[Recorded data]

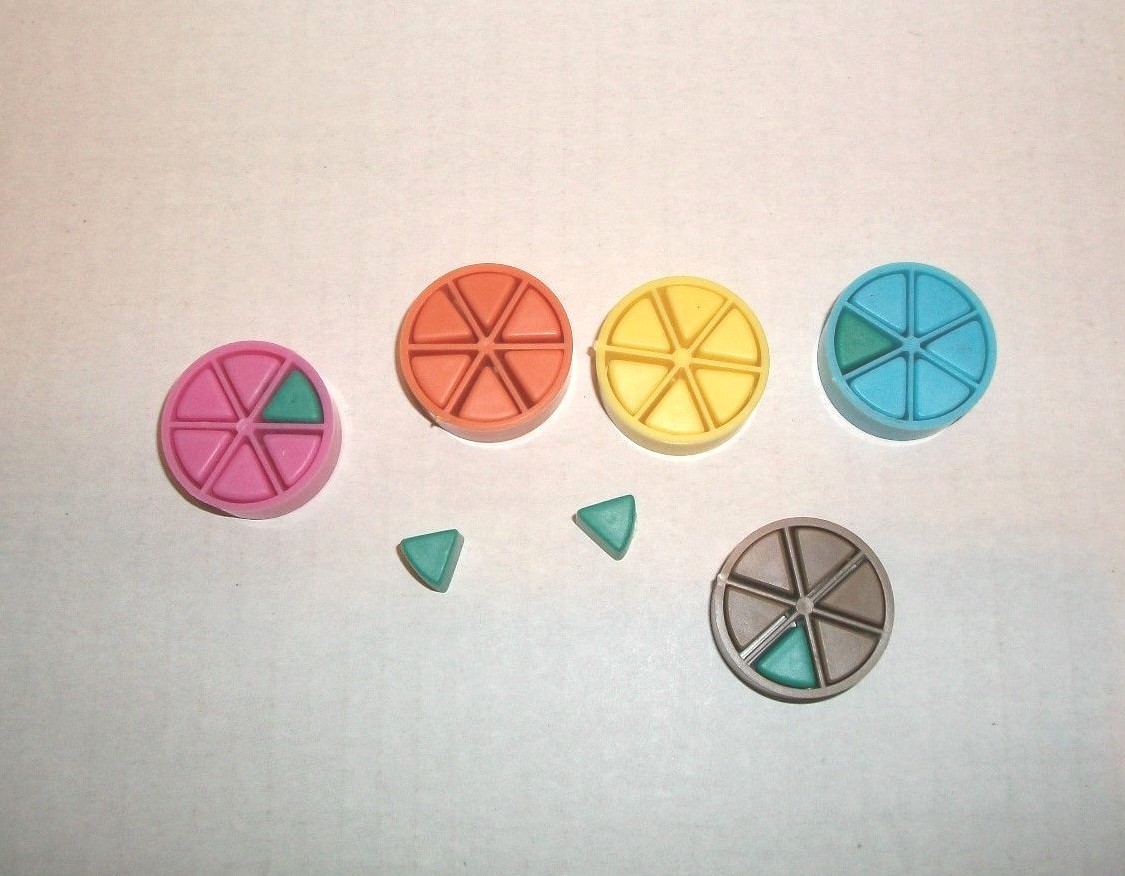 TRIVIAL PURSUIT PIE GAME PLAY GAME PARTS PIECES REPLACEMENT LOT NOT COMPLETE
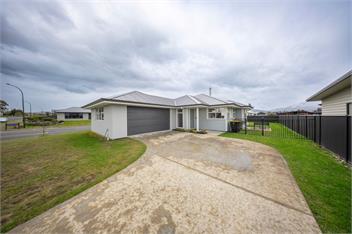 Fiordland Getaway (Bachcare) - 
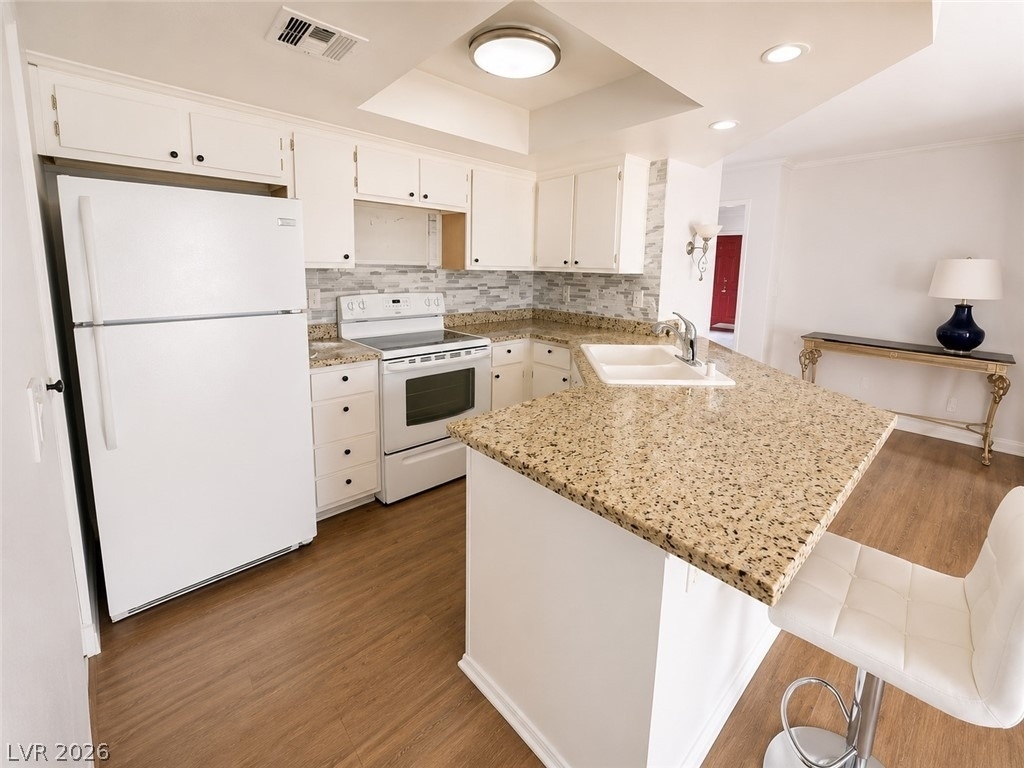 8600 W Charleston Boulevard - Photo 6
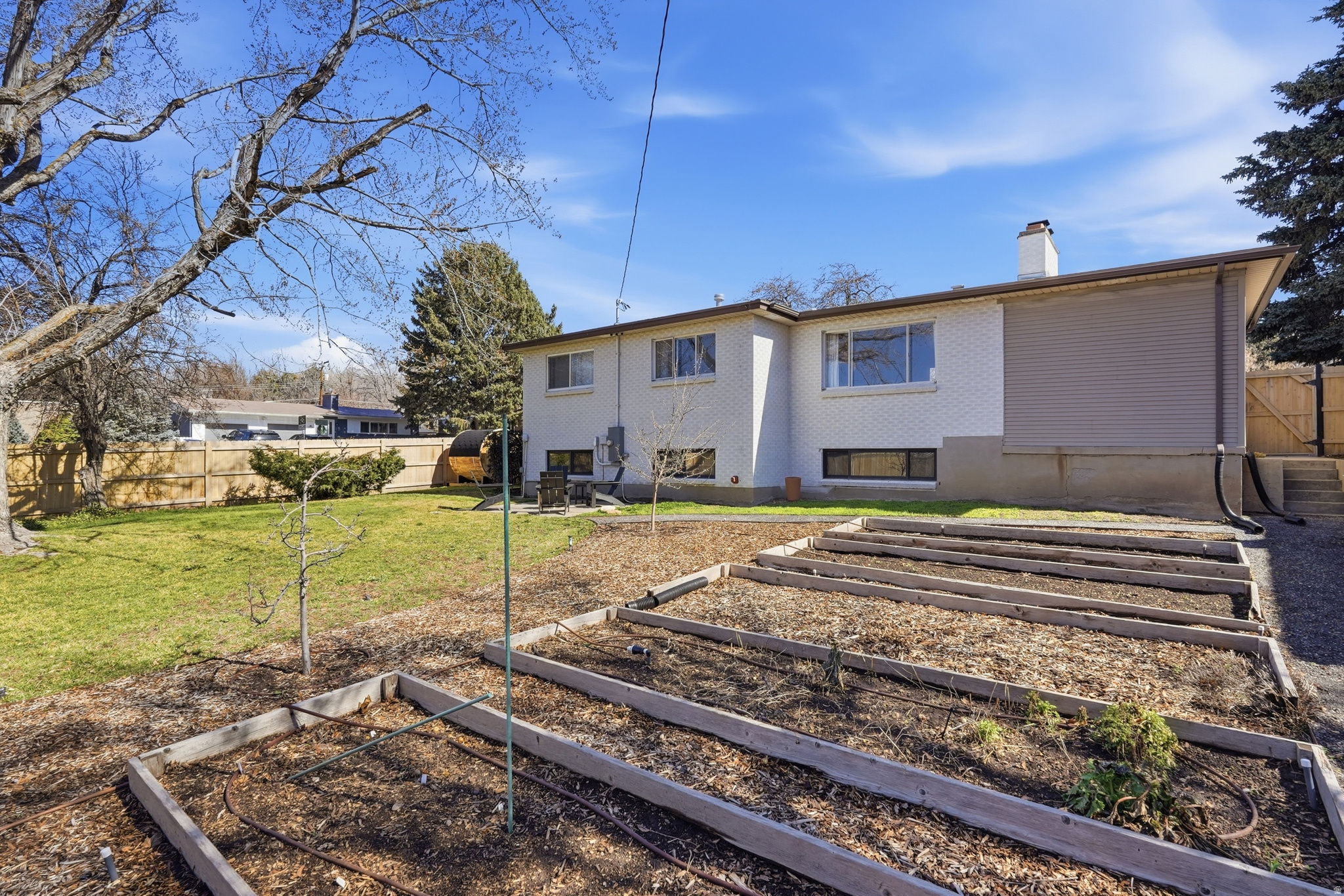 UPLAND TERRA - Residential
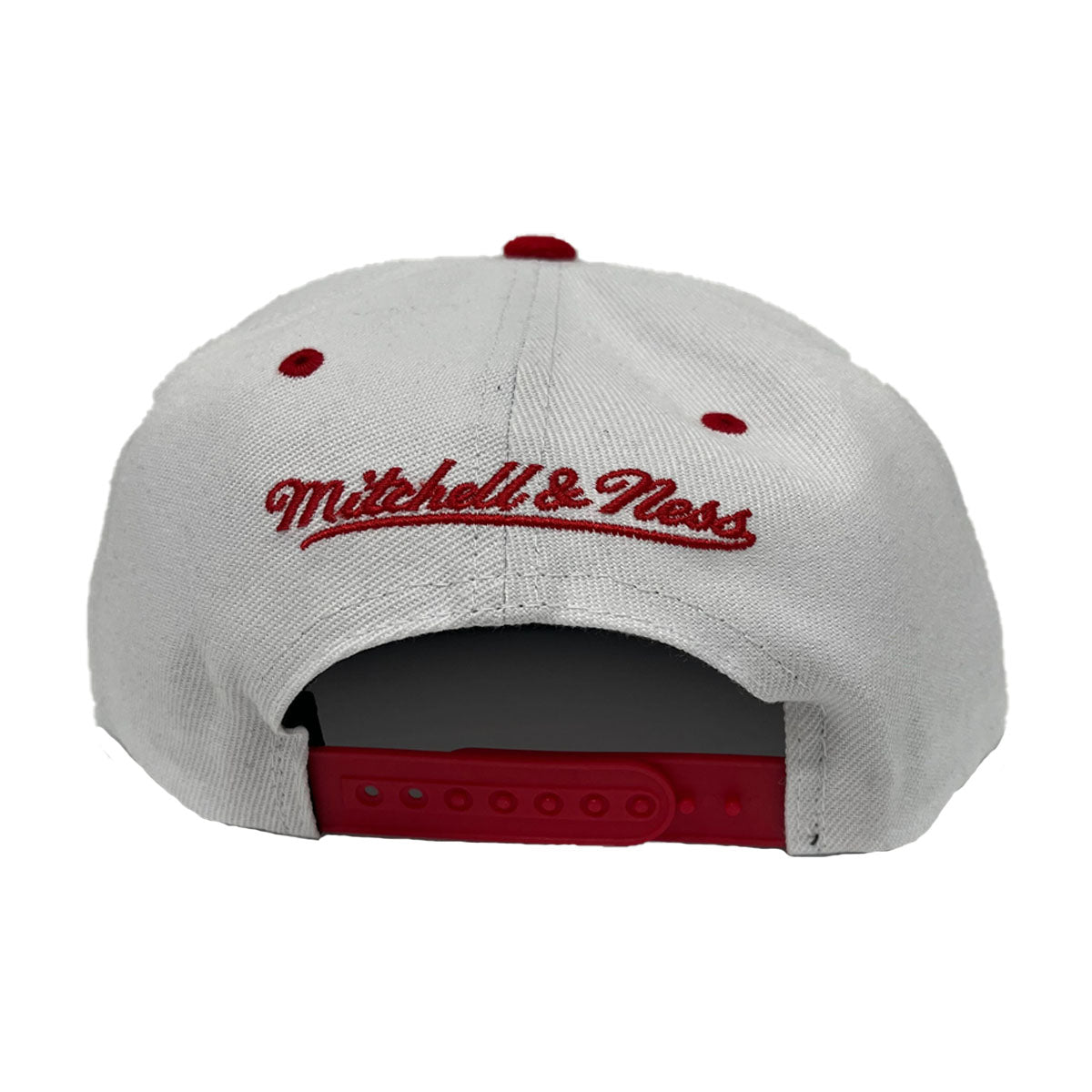 Mitchell & Ness Chicago Bulls NBA Paintbrush Snapback Hat (White/Red)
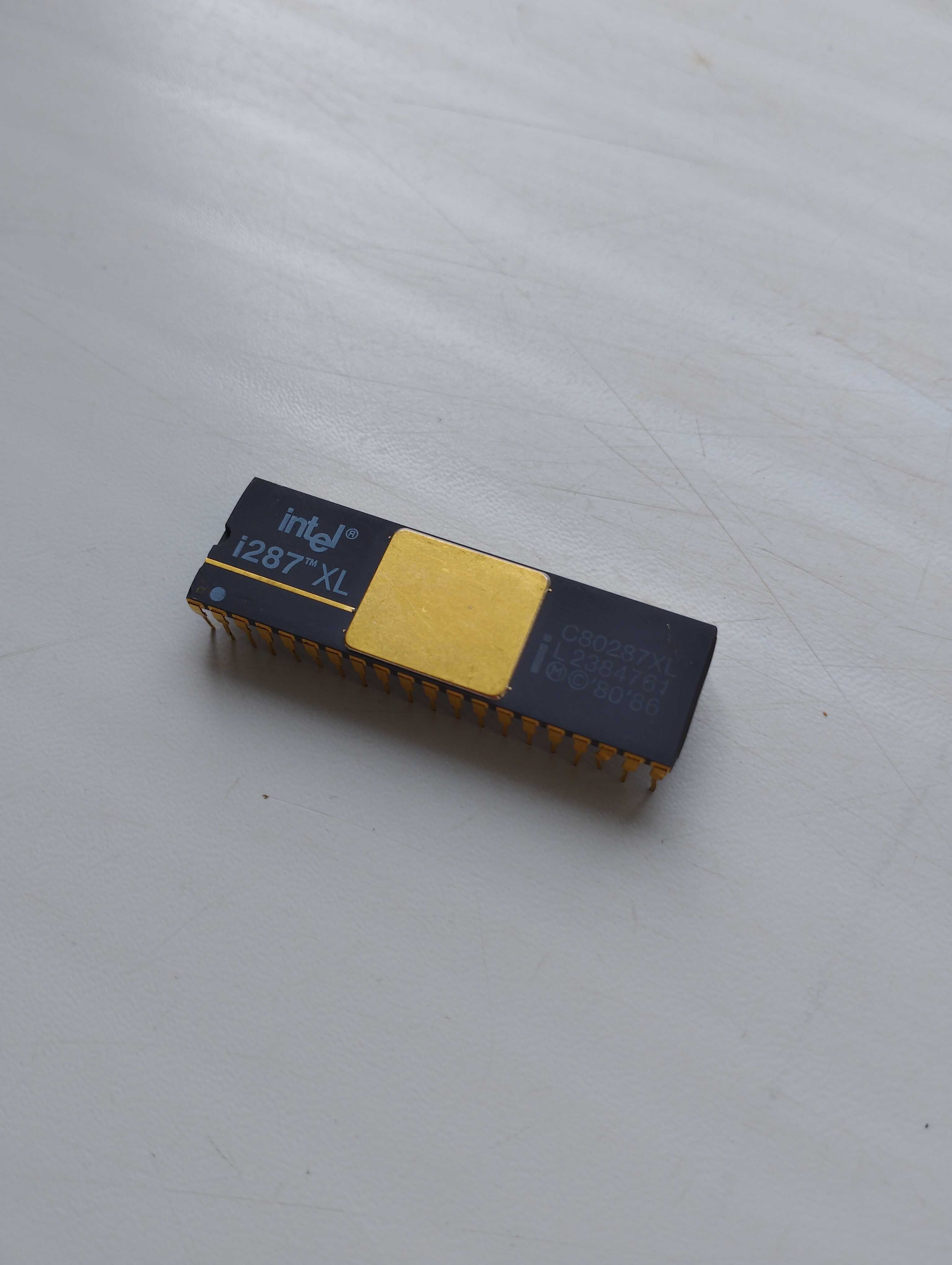 Процесор К6-2, сопроцессор intel i287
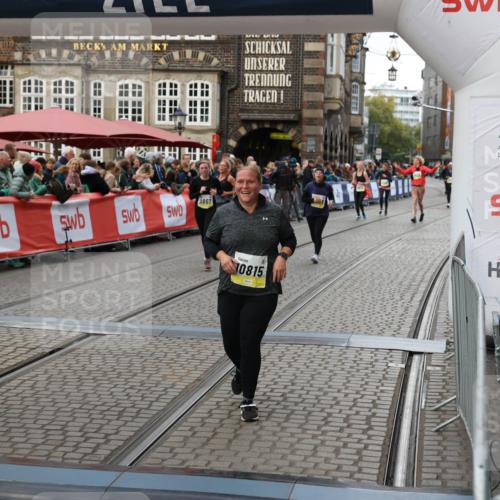 05.10.2025 - 20. swb-Marathon Bremen Yannick Fuchs http://msf.ph/oto/9246685 05.10.2025 11:12:07 Ziel 7007, 9420, 9726, 9867, 10815, 10839, 10849, 11215, 11563 meine-sportfotos.de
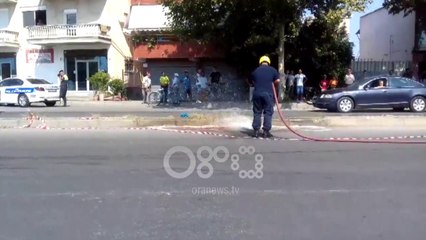Ora News - Punonjësit e zjarrfikëses pastrojnë rrugën pas aksidentit tragjik të ndodhur në Tiranë
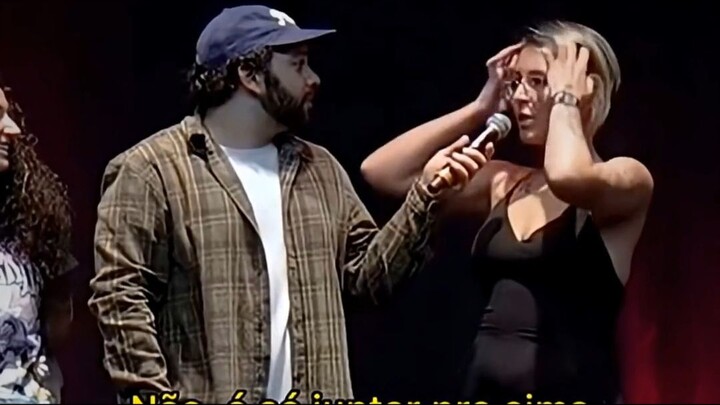 PERGUNTOU SOBRE O CABELO E A RESPOSTA DA PARTICIPANTE PAROU O TEATRO!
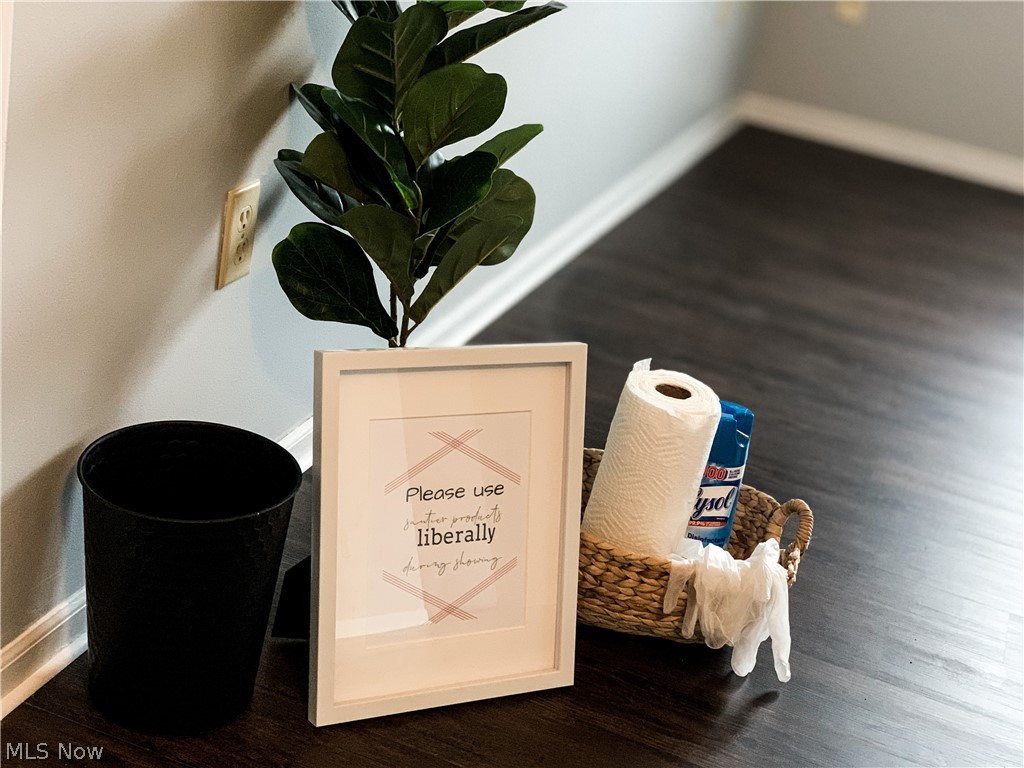 Brookledge Commons Condos - Residential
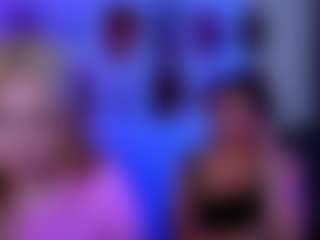 Live cam show with playful-sophie - Erotic Dance on Camsoda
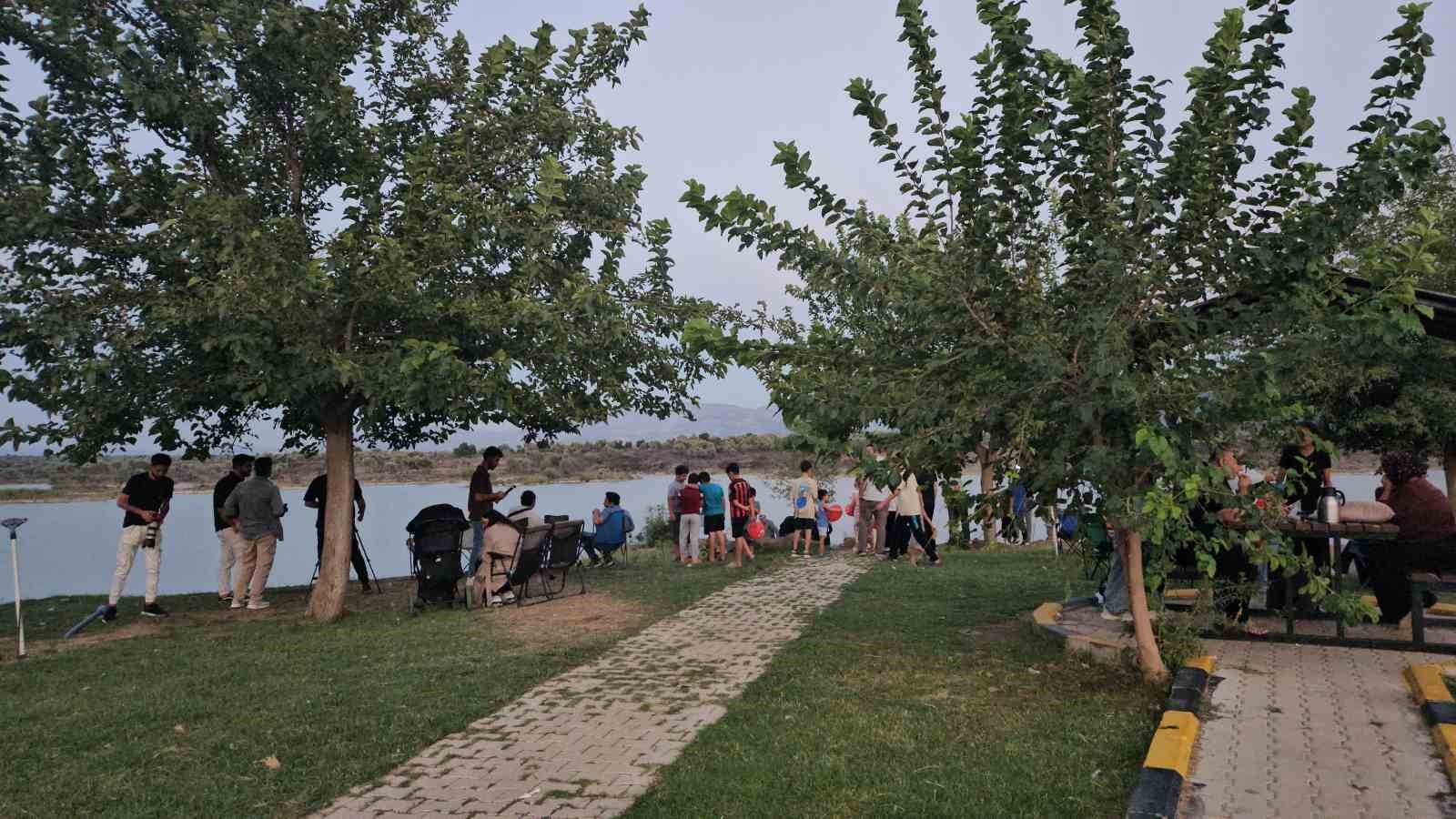 Dolunayı izlemek için volkanik gölü seçenler eşsiz manzarayla karşılaştı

[/Recorded data]

Goal of the exercise >>
Word for word, restate the lines from the line containing "Live cam show" through the end of the data, including the first and last of them. Pictures stay out.

Answer for the task >>
 Live cam show with playful-sophie - Erotic Dance on Camsoda
 Dolunayı izlemek için volkanik gölü seçenler eşsiz manzarayla karşılaştı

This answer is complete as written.